● WHAT THE TASK REQUIRES
Retype the data that follows exactly. No pictures belong in the copy.

● PROVIDED MATERIAL
◆ ◆ ◆ ◆
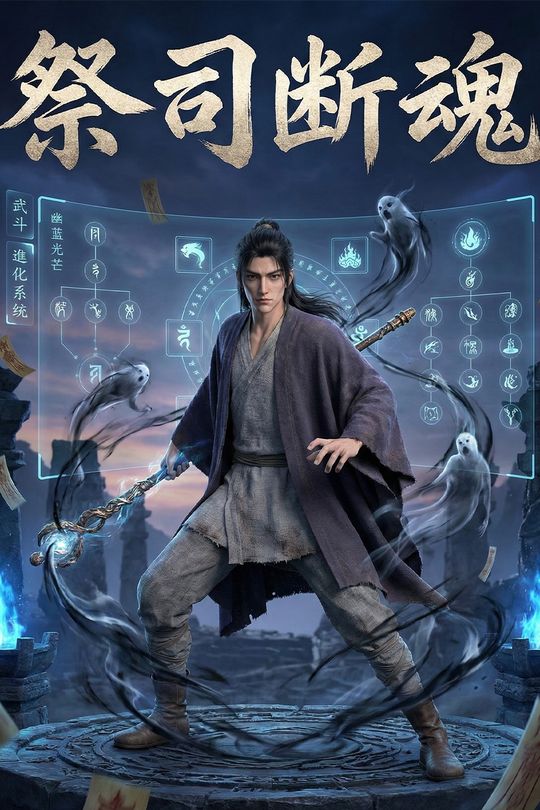 祭司断魂封面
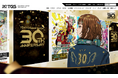 TGS2026開催まで1ヶ月！30周年記念特設サイトが本日オープン！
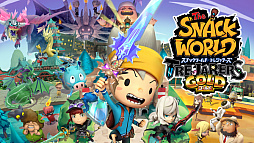 画像ギャラリー No.003のサムネイル画像 / レベルファイブ,Switch向けの5タイトルが特別価格になる「とことんおうちで遊ぼう!キャンペーン」を開催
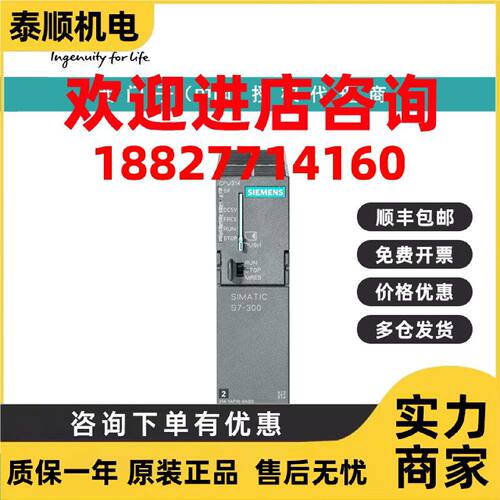 议价6ES7315-2AH14-0AB0西门子S7CPU 315-2DP 带 MPI 的中央处理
◆ ◆ ◆ ◆
● RESPONSE BELOW
 祭司断魂封面
 TGS2026開催まで1ヶ月！30周年記念特設サイトが本日オープン！
 画像ギャラリー No.003のサムネイル画像 / レベルファイブ,Switch向けの5タイトルが特別価格になる「とことんおうちで遊ぼう!キャンペーン」を開催
 议价6ES7315-2AH14-0AB0西门子S7CPU 315-2DP 带 MPI 的中央处理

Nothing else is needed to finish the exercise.